Evaluation API

Human-in-the-loop evaluation system

The mixus evaluation system combines automated AI evaluation with human-in-the-loop step verification. This unique approach ensures AI agents perform reliably in real-world scenarios by verifying critical steps before they execute.

What is the eval API?

The Evaluation API allows you to test and measure your AI agents’ performance programmatically with optional human verification at critical checkpoints. Unlike traditional evaluation systems that only measure outcomes, mixus evaluates the entire execution process - giving you confidence that agents work correctly step-by-step.

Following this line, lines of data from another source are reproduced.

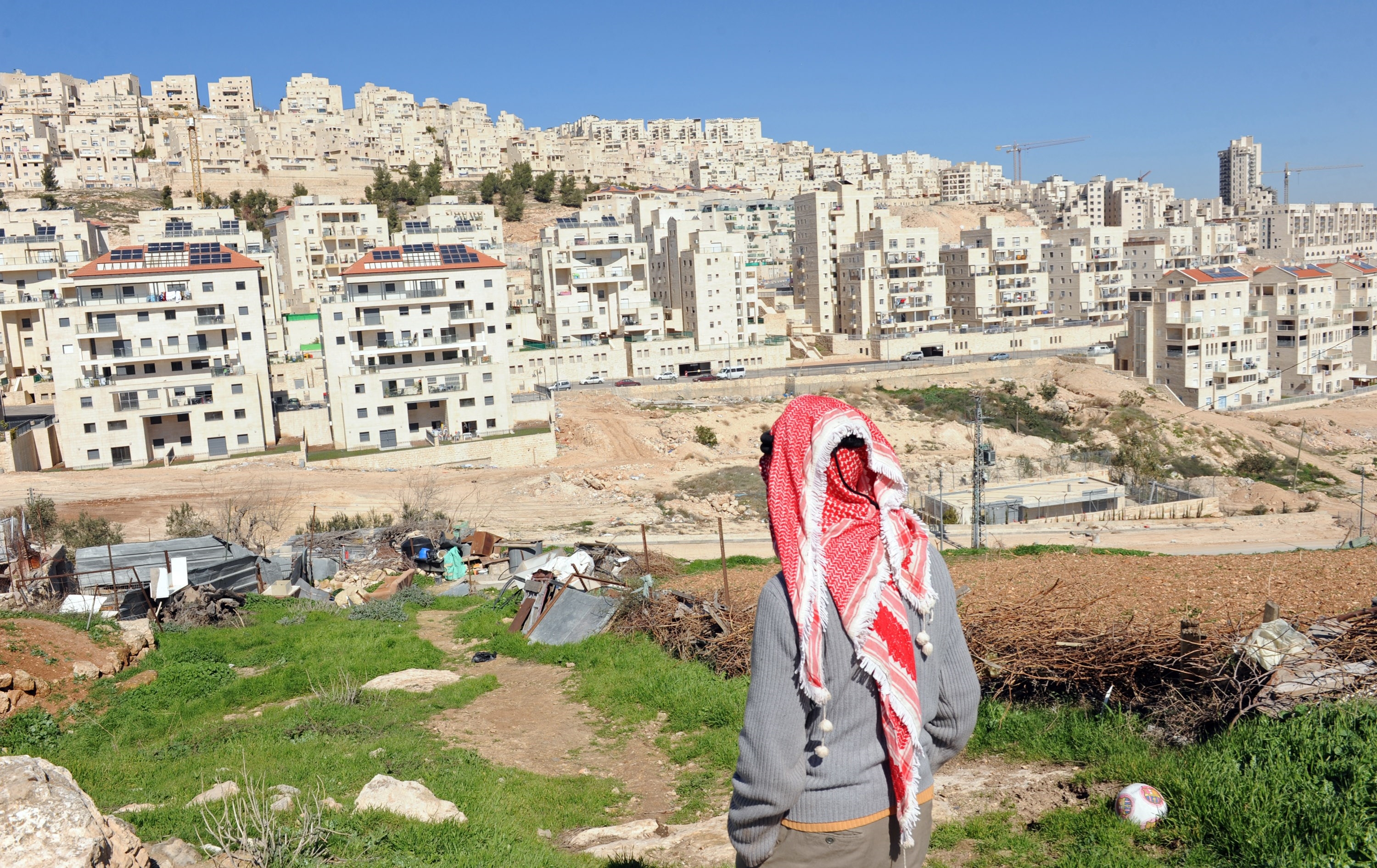 A Palestinian man walks on his property overlooking the Israeli settlement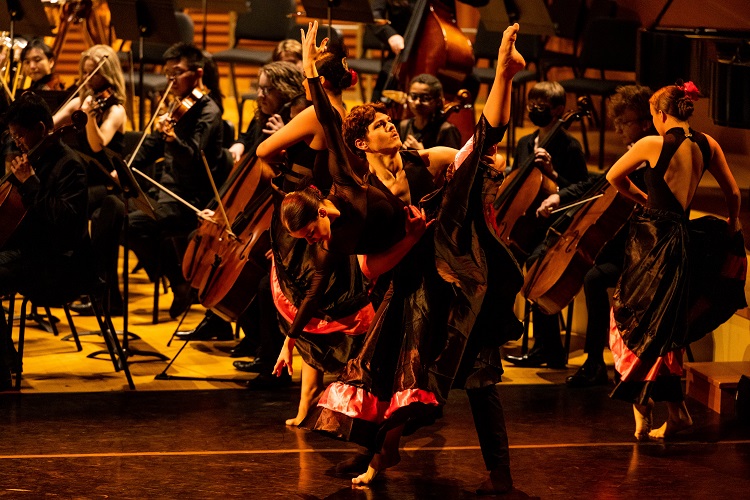Two dancers perform in front of a string ensemble on a lit stage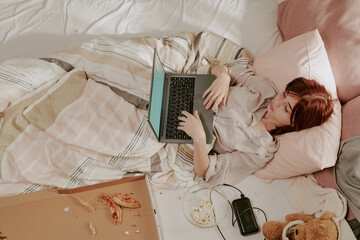 Relaxing on bed under cozy blankets while using laptop. Surroundings include snacks, phone with...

Why human-in-the-loop evaluation matters

Traditional AI evaluation measures final outcomes, but misses critical failures during execution:

Sending wrong emails before catching the mistake
Making purchases with incorrect amounts
Deleting data that shouldn’t be removed

mixus provides an alternative approach: verify steps before they execute, not after. This prevents costly mistakes and builds trust in autonomous AI agents.

How it works

📤 Step 1: create eval task (your code)

POST /api/eval/create-task-agent

Task description
Verification checkpoints (manual or AI-detected)

↓

🤖 Step 2: mixus creates agent

Converts task to agent execution plan
Sets up verification points
Initializes tracking metrics

↓

⚡ Step 3: agent executes task

Runs through steps
Uses tools (web search, integrations, etc.)
Pauses at checkpoints for verification

↓

⭐ Step 4: human verification

Review agent’s work BEFORE execution
Approve, reject, or provide hints
Agent adjusts based on feedback
Prevents mistakes before they happen

↓

📊 Step 5: get results (your code)

GET /api/eval/status/{executionId}

Execution status
Checkpoint completion
Performance metrics
Human verification insights

Before you begin

To use the evaluation API, you need:

A mixus account
An API key with eval:create and eval:read permissions
A team member who can review and verify agent steps

Quick start

Step 1: generate API key

Visit app.mixus.ai/integrations/api-keys and generate a key with eval:create and eval:read permissions.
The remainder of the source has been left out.